The L.A. Auto Show Design Challenge has run for the past eight years, and brings together entries from major design houses and global brands, who compete against each other to dazzle twelve design studio executives and walk away with a year’s worth of bragging rights.
This year’s theme calls for designers to craft Hollywood’s hottest movie car of the future. Each entry includes a fully designed concept, along with a movie plot and/or character to accompany it. The entire package of vehicle and contextual story will be evaluated by a panel of judges for the level of imagination and innovation.
Honda proposes a movie centered on a future hinged on rebuilding our worlds after a massive drought – or, as we see it, an inverted Waterworld. The Honda IH — for Intelligent Horse — and features futuristic technology like artificial intelligence. It’s also easy to make locally, which is key in a world where global automotive manufacturing isn’t up to its present speed.
But what if the world were to suddenly stop revolving? Call Subaru: it created the Horizon concept car, which is designed to withstand strong electromagnetic fields and scorching heat, and seats four.
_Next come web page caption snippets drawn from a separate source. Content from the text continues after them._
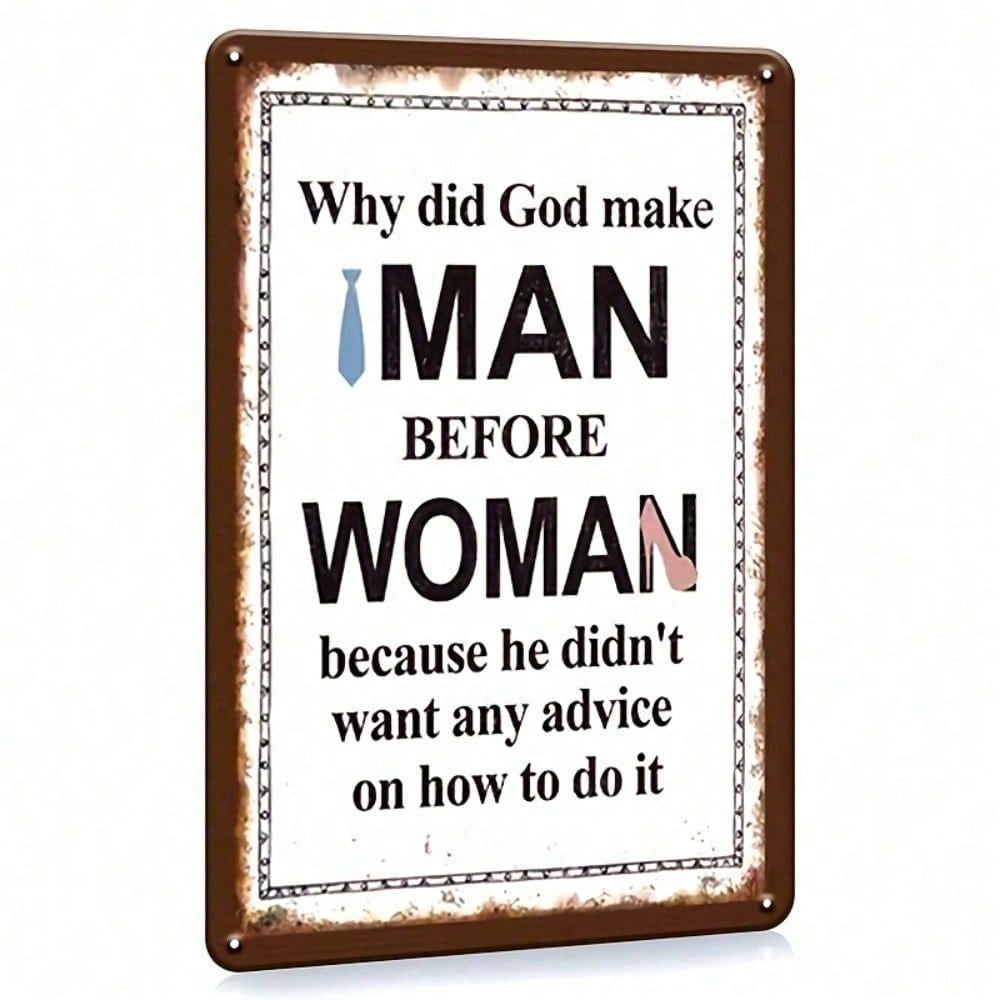 Vintage Metal Tin Sign 8x12 Inch Funny Wall Decor Why Did God Make Man Before Woman Retro for Man Cave Bar Pub Garage різнокольоровий
Vintage Metal Tin Sign 8x12 Inch Funny Wall Decor Why Did God Make Man Before Woman Retro for Man Cave Bar Pub Garage різнокольоровий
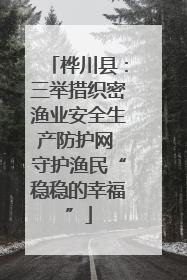 桦川县：三举措织密渔业安全生产防护网 守护渔民“稳稳的幸福”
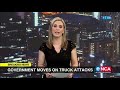 Truck Arson | Government moves on truck attacks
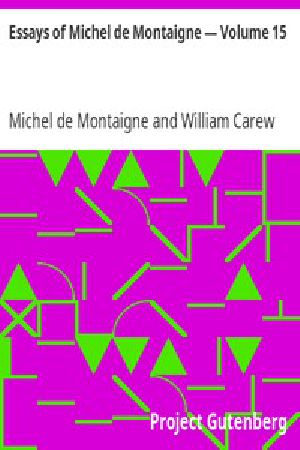 [Gutenberg 3595] • Essays of Michel de Montaigne — Volume 15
Subaru’s Horizon is designed for a movie world in which the world has stopped turning, and half of the world–nicknamed the Daysphere–is being baked by non-stop sunlight, while the other half of the world is living in darkness and must produce its own energy. The Horizon has space for a driver, a navigator, a mechanic, and “Pleiades the magical cat,” all of whom must venture to the Daysphere to get a precious energy-generating material.
Mercedes-Benz’s design team entered three designs in the Challenge. The Maybach name was affixed to the lavish Berline concept, an autonomous carriage that blends the opulence of an old-fashioned horse-drawn coach with modern electric and fuel-cell propulsion. It’s was allegedly created for Cindy, the protagonist of Maybach’s movie, whose father lends her the Berline one evening for her to go on a magnificent adventure — all of which is presided over by a virtual chauffeur.
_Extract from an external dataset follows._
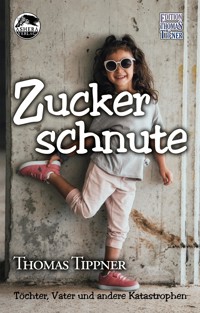 Zuckerschnute - Thomas Tippner - E-Book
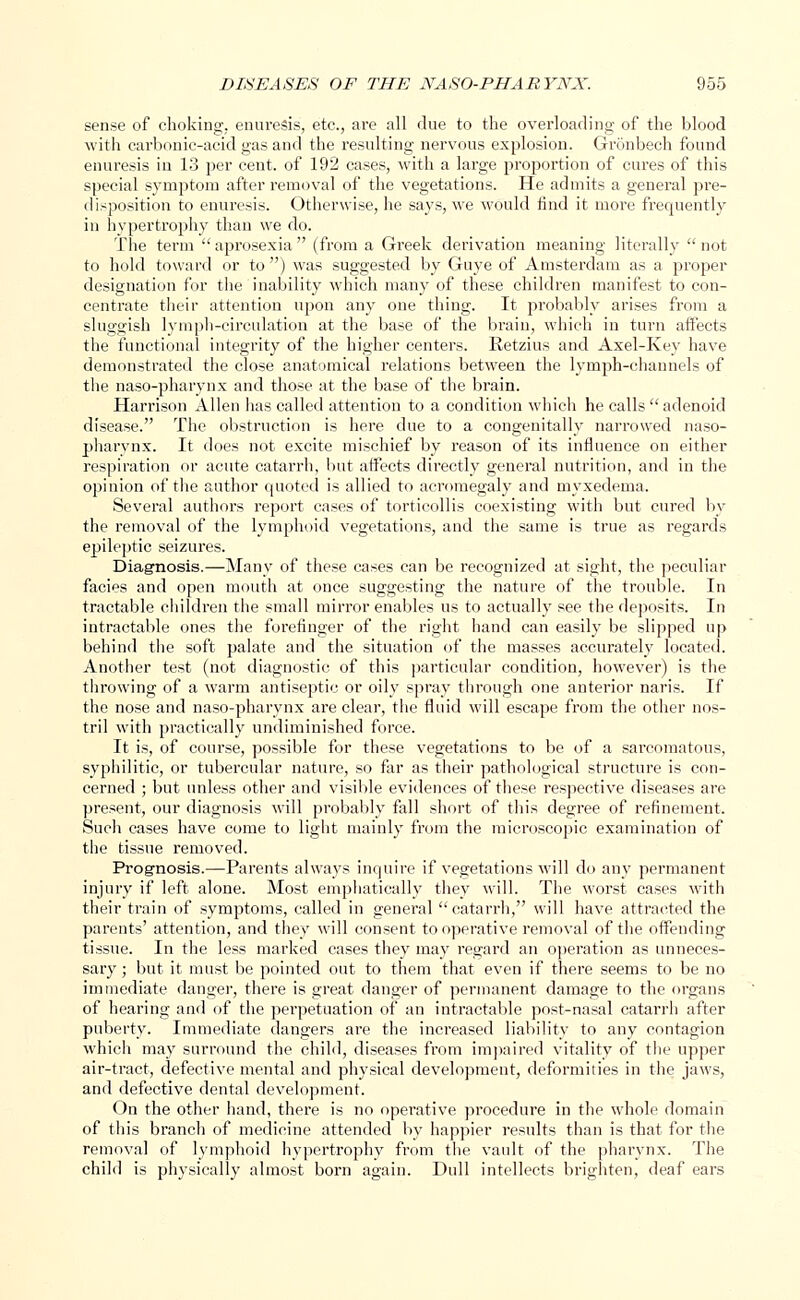 sense of choking, enuresis, etc., are all due to the overloading of the blood with carbonic-acid gas and the resulting nervous explosion. Gronbech found enuresis in 13 per cent, of 192 cases, with a large proportion of cures of this special symptom after removal of the vegetations. He admits a general pre- disposition to enuresis. Otherwise, he says, we would find it more frequently in hypertrophy than we do. The term aprosexia (from a Greek derivation meaning literally not to hold toward or to ) was suggested by Guye of Amsterdam as a proper designation for the inability which many of these children manifest to con- centrate their attention upon any one thing. It probably arises from a sluggish lymph-circulation at the base of the brain, which iu turn affects the functional integrity of the higher centers. Retzius and Axel-Key have demonstrated the close anatomical relations between the lymph-channels of the naso-pharynx and those at the base of the brain. Harrison Allen has called attention to a condition which he calls adenoid disease. The obstruction is here due to a congenitally narrowed naso- pharynx. It does not excite mischief by reason of its influence on either respiration or acute catarrh, but affects directly general nutrition, and in the opinion of the author quoted is allied to acromegaly and myxedema. Several authors report cases of torticollis coexisting with but cured by the removal of the lymphoid vegetations, and the same is true as regards epileptic seizures. Diagnosis.—Many of these cases can be recognized at sight, the peculiar facies and open mouth at once suggesting the nature of the trouble. In tractable children the small mirror enables us to actually see the deposits. In intractable ones the forefinger of the right hand can easily be slipped up behind the soft palate and the situation of the masses accurately located. Another test (not diagnostic of this particular condition, however) is the throwing of a warm antiseptic or oily spray through one anterior naris. If the nose and naso-pharynx are clear, the fluid will escape from the other nos- tril with practically undiminished force. It is, of course, possible for these vegetations to be of a sarcomatous, syphilitic, or tubercular nature, so far as their pathological structure is con- cerned ; but unless other and visible evidences of these respective diseases are present, our diagnosis will probably fall short of this degree of refinement. Such cases have come to light mainly from the microscopic examination of the tissue removed. Prognosis.—Parents always inquire if vegetations will do any permanent injury if left alone. Most emphatically they will. The worst cases with their train of symptoms, called in general catarrh, will have attracted the parents' attention, and they will consent to operative removal of the offending tissue. In the less marked cases they may regard an operation as unneces- sary ; but it must be pointed out to them that even if there seems to be no immediate danger, there is great danger of permanent damage to the organs of hearing and of the perpetuation of an intractable post-nasal catarrh after puberty. Immediate dangers are the increased liability to any contagion which may surround the child, diseases from impaired vitality of the upper air-tract, defective mental and physical development, deformiiies in the jaws, and defective dental development. On the other hand, there is no operative procedure in the whole domain of this branch of medicine attended by happier results than is that for the removal of lymphoid hypertrophy from the vault of the pharynx. The child is physically almost born again. Dull intellects brighten, deaf ears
Mercedes’ Smart brand was thinking a bit more mischievous when it designed the Smart 341 Parkour. The Parkour is more than a car, because its wheels can retract and it features vacuum cups to climb the sides of buildings–hence the name Parkour. It has a 360-degree swiveling seat with complete 360-degree visibility, and might even be able to hover or fly. Designers say it was designed for movie reporter Annie Angle, who uses the Parkour to investigate her first big story working for a big city newspaper.
But the most classic concept is the Mercedes-Benz Silver Arrow, which was described as “a low-slung sculpture on wheels” and is supposedly designed to look like a late 1930’s W125 racecar. It sits on four hoop-like wheels, each apparently independently powered. The car is the hero car for a movie in which two crash test dummies, Hans05 and Franz02, break out of the clutches of crash testing and fight Dr. Crash-Barrier, an evil villain who reigns over his domain with “terror and mayhem.” We think that with wraparound-taillamps and a super-sleek design, the Silver Arrow might be the best way to outrun evil.
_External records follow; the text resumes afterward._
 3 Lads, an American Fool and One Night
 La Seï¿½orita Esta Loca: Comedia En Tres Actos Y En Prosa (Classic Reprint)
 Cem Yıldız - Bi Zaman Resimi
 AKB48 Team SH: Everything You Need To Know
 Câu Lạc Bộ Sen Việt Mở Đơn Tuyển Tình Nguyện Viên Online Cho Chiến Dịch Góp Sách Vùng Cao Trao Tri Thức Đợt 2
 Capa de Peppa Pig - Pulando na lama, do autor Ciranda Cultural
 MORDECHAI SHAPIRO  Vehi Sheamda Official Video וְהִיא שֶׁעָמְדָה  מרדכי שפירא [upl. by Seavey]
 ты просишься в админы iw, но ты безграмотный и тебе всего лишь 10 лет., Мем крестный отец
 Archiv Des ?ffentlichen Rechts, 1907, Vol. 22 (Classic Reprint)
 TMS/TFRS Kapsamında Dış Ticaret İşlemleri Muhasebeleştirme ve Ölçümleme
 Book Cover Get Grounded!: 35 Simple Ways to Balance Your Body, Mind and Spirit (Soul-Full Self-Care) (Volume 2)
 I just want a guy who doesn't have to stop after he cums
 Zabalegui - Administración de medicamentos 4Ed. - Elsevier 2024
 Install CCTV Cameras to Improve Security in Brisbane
In the meantime, Hyundai imagines a future where cars can fight communism–yes, communism–with its Stratus Sprinter multi-purpose vehicle. The car is driven by Countess Elena, who uses the car’s off-road prowess and go-anywhere capability to put herself in dangerous situations and “protect freedom and justice.” The car can disappear in daylight and reappears after dark, which is good, because Countess Elena only travels by night.
The winner of Design LA’s challenge should be known by the end of the L.A. Auto Show.